I escaped the severe storm that wreaked havoc north and south on either side of Kipling St. on the night of July 20th, but my yard didn’t escape the swath of hail that crossed the eastern flank of Green Mountain on August 9th. It was not large hail and “microbursts” that caused damage in this area, but instead, relatively small hail a half inch and less with a high density that lasted around 15 minutes, along with strong NW wind and heavy rain.
After surveying damage the next day, I noted that some plants withstood the storm better than others. There were, as always in storms, areas that were protected to various degrees by house eaves, trees, etc. I am quite sure of the storm’s main direction, because my longish grass in the back yard was all lying down toward the S.E., and the hail came in 2-3 yards under my N.W.-facing back patio.
My trees seemed to take it quite well, although there were a lot of leaves on the ground. Perhaps the fact that the leaf canopies were very dense this year - due to a lot of available moisture - helped a lot. The majority of leaves on my front lawn and driveway were from my neighbor’s soft maple. My young redbud tree took it quite well, as did my linden and apple trees. Many leaves fell from my locust, but it still looks OK overall. Larger hail would doubtless have done much more tree damage.
Of course, all soft-tissue plants, such as begonias, impatience (including New Guinea), geraniums, and petunias were pretty well stripped.
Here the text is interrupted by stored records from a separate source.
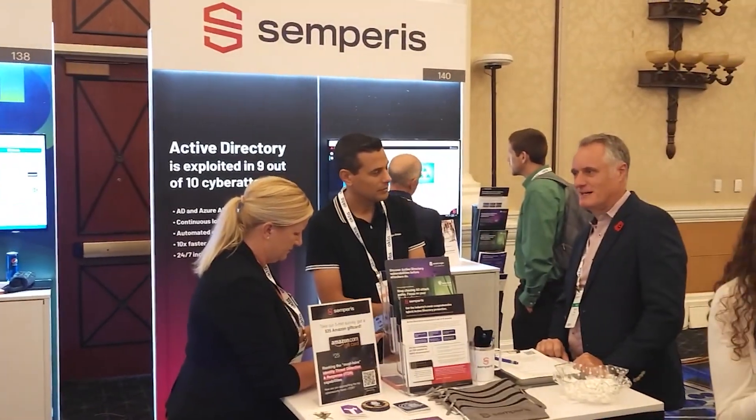When we talk about identity threat detection and response, we know that 90% of organizations are using Microsoft Active Directory on-prem or Azure Active Directory in the cloud — or, in most cases, both. The ability to protect from threat detection, from configuration assessment, all the way to disaster recovery is a key part of ITDR and something unique to Semperis — the ability to see the security posture of Active Directory and Azure AD, detect malicious activity, and remediate it as it's happening so the environment doesn't stay vulnerable.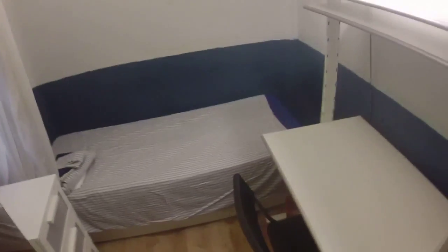We have some drawers. Let's have the last look at the bedroom.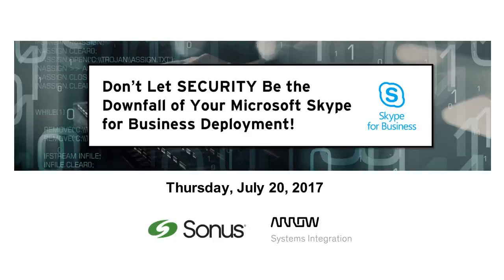Depending on where you are in the world, good morning, good afternoon, and good evening. Thank you for joining us today for this webinar.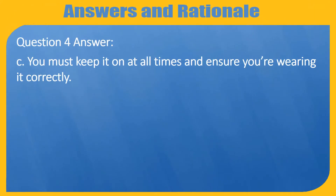Question 4. Answer C. You must keep it on at all times and ensure you're wearing it correctly.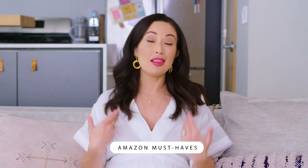Hi guys, welcome back to my channel! Today I have another Amazon must-haves video because you guys loved the first one so much, and I love shopping, so why not do another one.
Also damaged heavily were daisies, coreopsis, black-eyed susans, and hostas. My canna lilies in front were spared, but only due to overhanging S.E. house eaves. I am not a vegetable gardener, but I can imagine how badly tomatoes, pumpkins, melons and most veggie plants must have suffered elsewhere.
Interestingly, my best survivors were the agastache, diascia, calibrachoa, (low) dianthus, most roses, ornamental grass, smoke bush, burning bush, astilbe, ivy (English), salvia, coneflower, and snapdragon. Peony leaves were badly scarred but intact otherwise. I am especially happy that my new Agastache ava and Agastache blue fortune, were still upright and blooming, just losing a few leaves. (The Agastache leaves do smell nice and “licorice-y” when ground up with the leaf vacuum though!)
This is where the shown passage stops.